FP - Eu amo o que a Harry´s – linha de produtos para barbear – fez no clipe “A Man Like You”. Ela mostrou que regras antigas não se aplicam mais e que os homens têm que criar novas regras. Admiro também o trabalho da Ax/Lynx (marca da Unilever) com a Promundo, uma organização global que estuda e promove a igualdade de gênero. Ela fala com milhares de homens para entender as pressões que eles sofrem e seus anúncios abraçam a ideia de que estão sufocados pelas expectativas da sociedade.
CM — POR QUE AS MARCAS DEVEM SE PREOCUPAR COM O FUTURO DA MASCULINIDADE?
FP - Eu entendo e apoio o foco nas mulheres, mas você não pode ignorar metade dos seus consumidores – muitos deles machucados e assustados. As marcas e o marketing não refletem só uma cultura, eles a moldam e devemos levar essa responsabilidade a sério.
“As marcas precisam criar produtos para o que chamo de Terceiro Corredor – nem masculino, nem feminino”
CM — O QUE ESPERAR DAQUI PARA A FRENTE NO MERCADO DE TRABALHO?
FP - As mulheres continuarão indo embora das empresas para empreender. As mulheres estão abrindo negócios em uma taxa duas vezes maior do que os homens. Elas estão migrando para comunidades de coworking lideradas por mulheres ou só para elas, como é o caso do The Riveter e The Wing. Ao menos que descubram como se relacionar com as mulheres para mantê-las felizes, os homens vão perder o talento delas dentro das corporações.
CM — COMO O PAPEL DAS MULHERES ESTÁ MUDANDO?

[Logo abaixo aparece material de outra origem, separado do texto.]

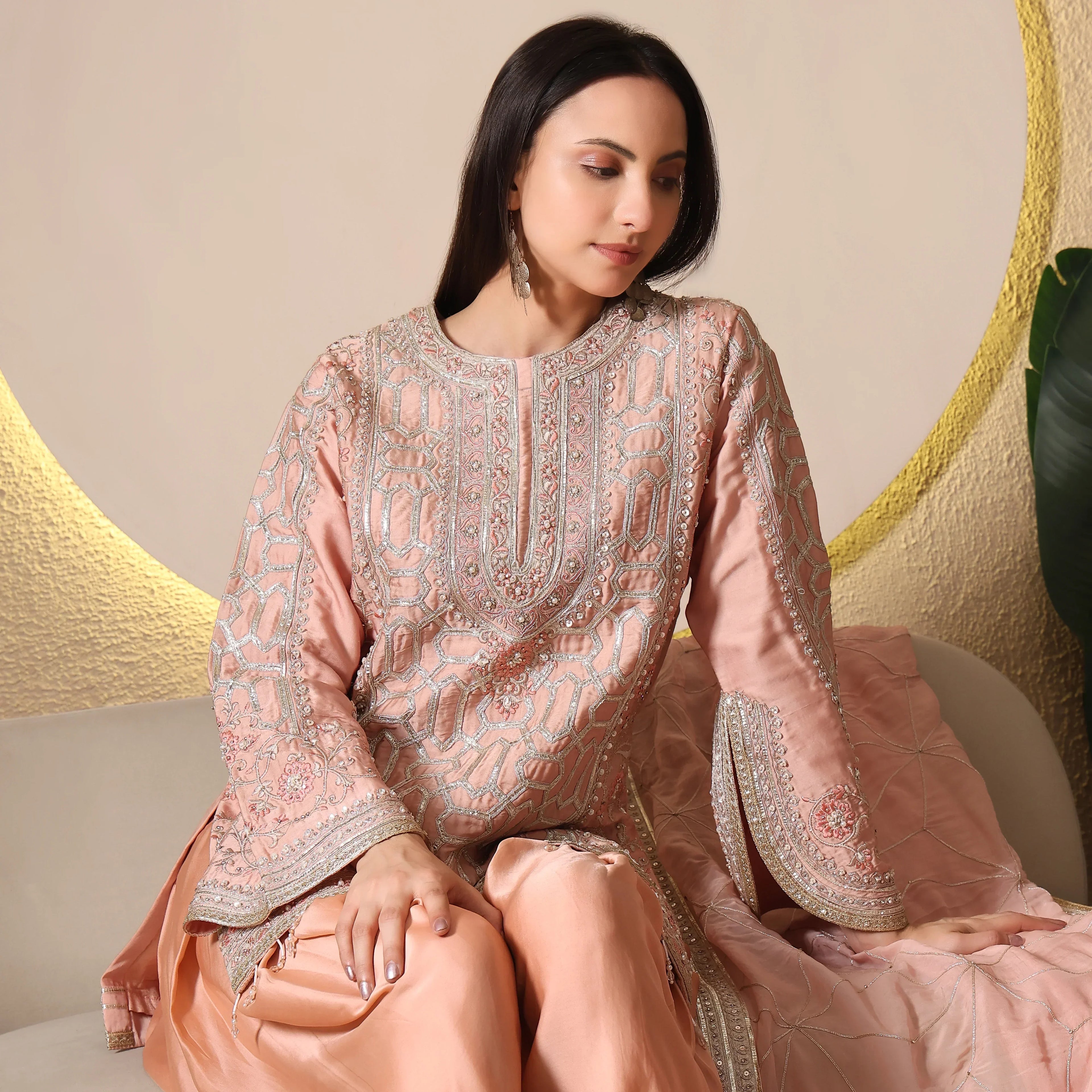 Woman wearing pastel peach embroidered ethnic suit, sitting on a beige sofa indoors.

FP - As mulheres não precisam mais de um casamento – elas não encaram mais isso como algo vital para a sua felicidade. Elas não precisam de um marido. Como elas estão se casando mais tarde, elas passam os seus 20 e poucos anos focadas nelas próprias e nos seus trabalhos. Algumas sequer se casam e têm os amigos como sua família. A paternidade está sendo cada vez mais adiada e ignorada.
CM — “A ANDROGENIA É UMA DAS COISAS MAIS BELAS DE TODOS OS TEMPOS… E ELA É O FUTURO”. A SENHORA CONCORDA COM ESSA AFIRMAÇÃO DE VIOLET CHACHKI?

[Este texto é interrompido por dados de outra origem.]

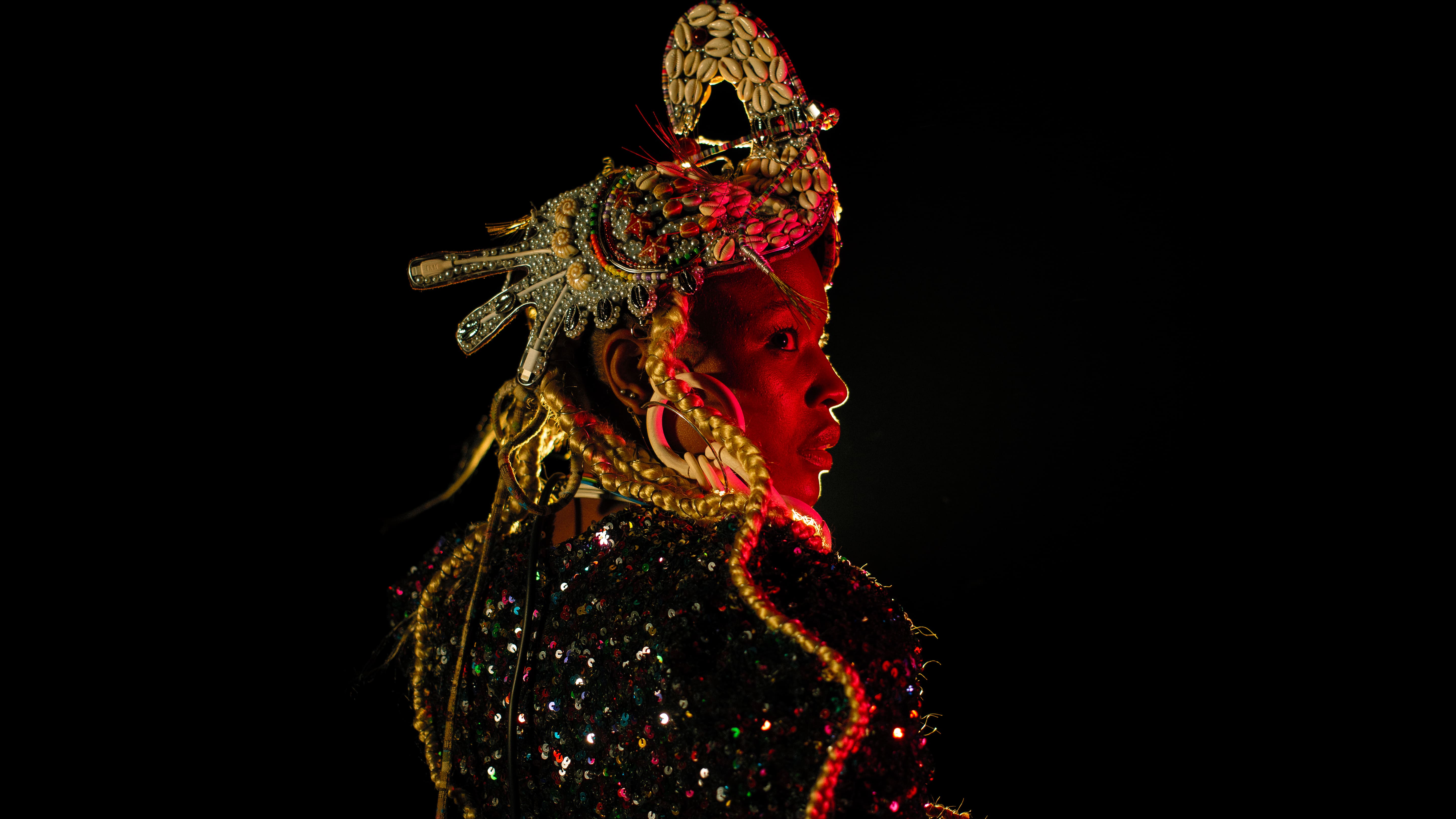 Close-up profile portrait of a Black woman illuminated by a warm red theatrical spotlight against a black background. She wears an elaborate headpiece decorated with cowrie shells and metallic details, long blonde braids, and a sparkling sequined outfit. - Carolina Maya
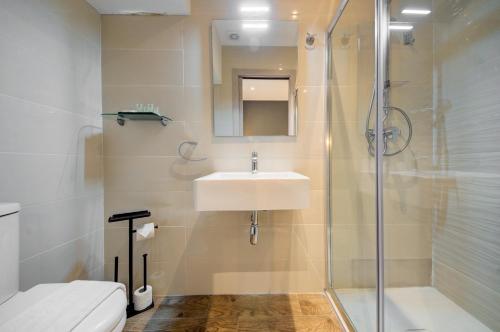 a bathroom with a sink and a shower at CARO Boutique Guest House in San Ġwann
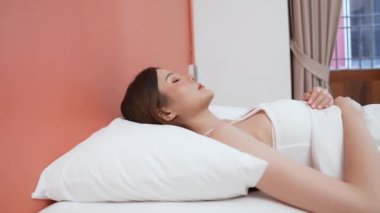 Tatil konsepti 4k Çözünürlük. Asyalı kızlar sabahları yataktan çıkmak istemezler. Cep telefonu alarmı. Uyanırken tembellik.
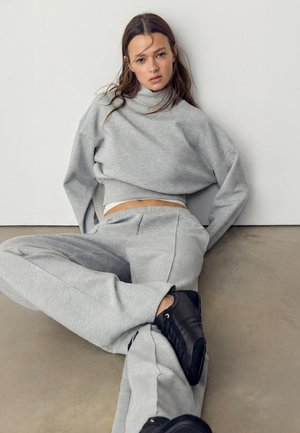 Giovane donna con capelli castani lunghi che indossa una felpa e pantaloni grigi, seduta sul pavimento con scarpe da ginnastica nere contro una parete chiara.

FP - Completamente. Essa é a nova fronteira para o gênero – reconhecer que todos nós temos identidades e expressões diferentes de gênero – e que isso varia dia após dia. Em um certo dia, uma pessoa irá se sentir total e tradicionalmente feminina, e no outro, macho, e depois nenhum dos dois. Devemos aceitar e nos engajar nisso – e as marcas e os profissionais de marketing precisam reformular os seus mercados e refletir sobre isso. Olhe para os produtos para cabelo do Mr. Smith. Eles são para qualquer um e, ao mesmo tempo, para todos, assim como os cosméticos da marca Jecca, que começou voltada à comunidade trans e depois se espalhou.
CM — POR FIM, HÁ ESPERANÇA PARA A MASCULINIDADE?
FP — Eu acredito que as ideias de masculinidade e feminilidade irão perder seu poder e seu valor. Ser um “homem de verdade” ou uma “mulher de verdade” – quem se importa? A geração que está surgindo está muito mais interessada na individualidade e na expressão própria. Adaptar-se a uma ideia monolítica de masculinidade é irrelevante. Mas se a masculinidade for redefinida com a feminilidade, para se tornar o melhor dos valores humanos, então há esperança.